Metal-ion coordination by U6 small nuclear RNA contributes to catalysis in the spliceosome

Introns are removed from nuclear messenger RNA precursors through two sequential phospho-transesterification reactions in a dynamic RNA-protein complex called the spliceosome. But whether splicing is catalysed by small nuclear RNAs in the spliceosome is unresolved. As the spliceosome is a metalloenzyme, it is important to determine whether snRNAs coordinate catalytic metals. Here we show that yeast U6 snRNA coordinates a metal ion that is required for the catalytic activity of the spliceosome.
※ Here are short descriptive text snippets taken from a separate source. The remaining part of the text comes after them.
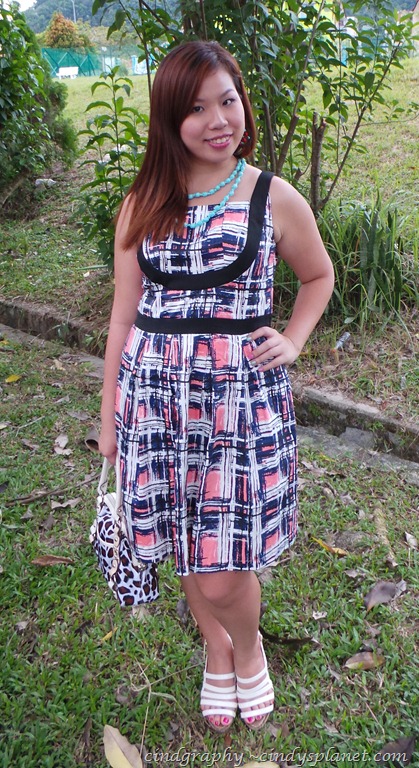 [20130210_1902449.jpg.webp]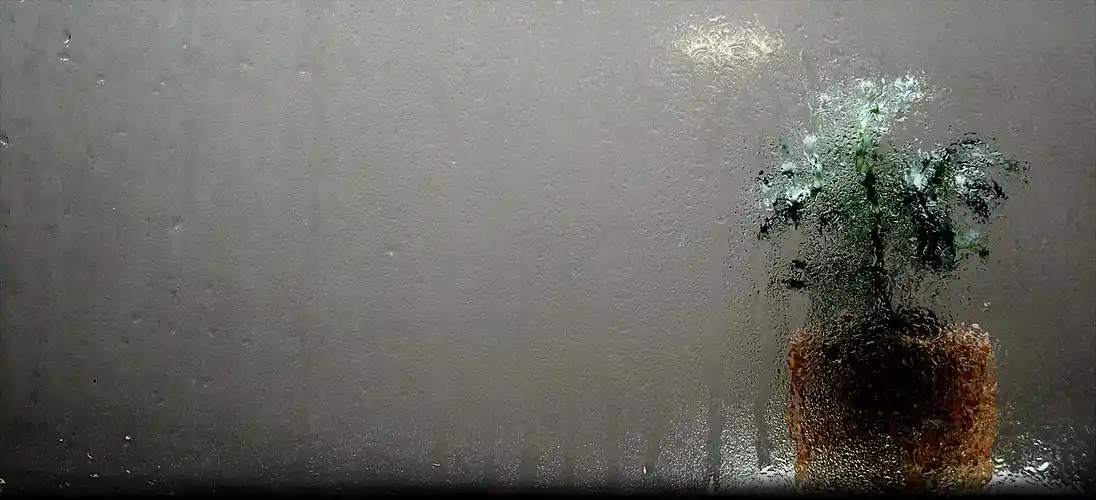 平面素材网站有哪些_千图网原创共享 - 零豆网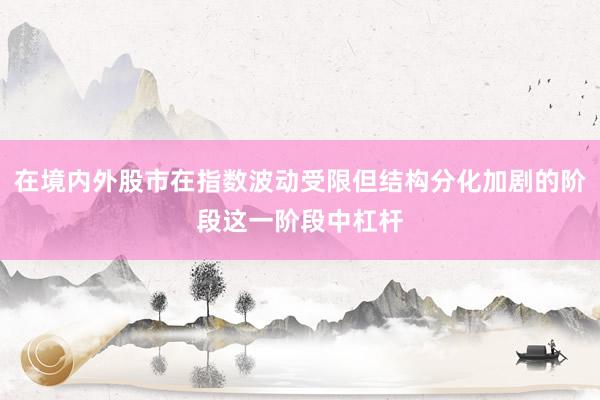 在境内外股市在指数波动受限但结构分化加剧的阶段这一阶段中杠杆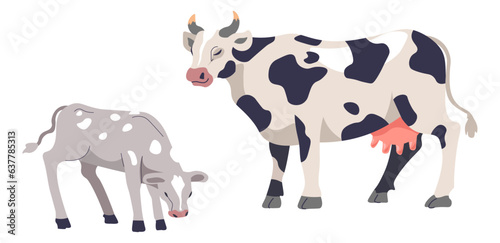 Livestock breeding, cattle cow and calf animals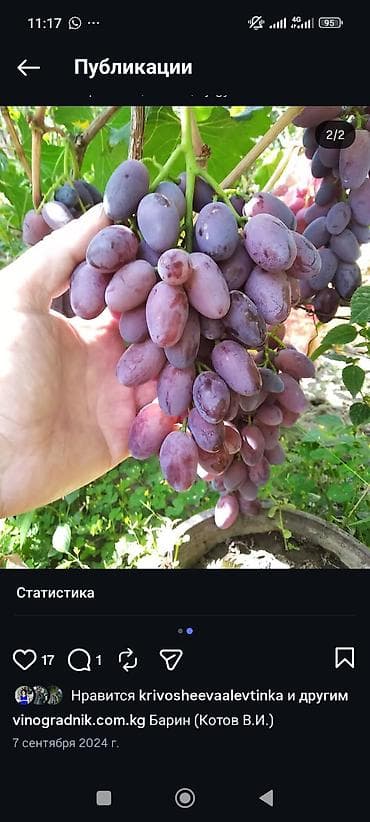 рассады малины: Продаю черенки винограда для укоренения или прививки. Столовые — 4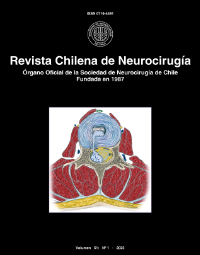 					Ver Vol. 51 Núm. 1 (2025)
				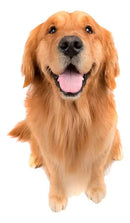 Loção Hidratante Hidrapet Agener 100g Ação Imediata Fragrância Neutra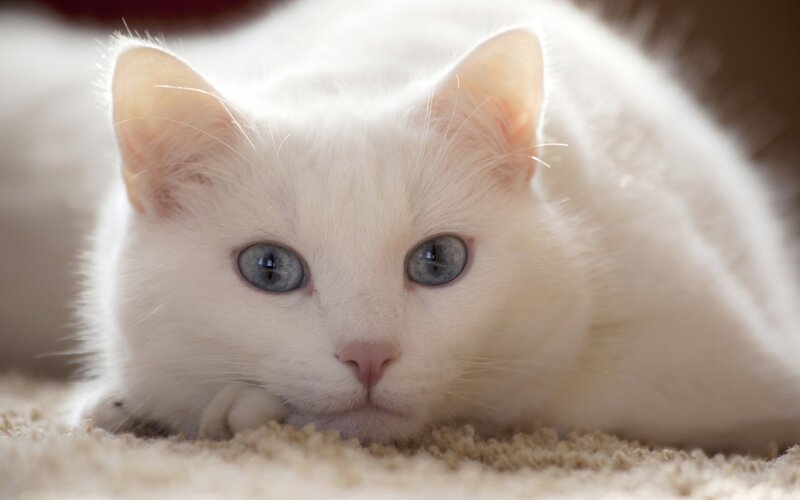 white cat with blue eyes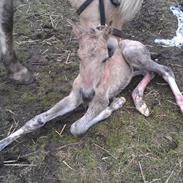 Anden særlig race Maximus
With Mg2+, U6 snRNA with a sulphur substitution for the pro-Rp or pro-Sp non-bridging phosphoryl oxygen of nucleotide U80 reconstitutes a fully assembled yet catalytically inactive spliceosome. Adding a thiophilic ion such as Mn2+ allows the first transesterification reaction to occur in the U6/sU80(Sp)- but not the U6/sU80(Rp)-reconstituted spliceosome. Mg2+ competitively inhibits the Mn2+-rescued reaction, indicating that the metal-binding site at U6/U80 exists in the wild-type spliceosome and that the site changes its metal requirement for activity in the Sp spliceosome. Thus, U6 snRNA contributes to pre-messenger RNA splicing through metal-ion coordination, which is consistent with RNA catalysis by the spliceosome.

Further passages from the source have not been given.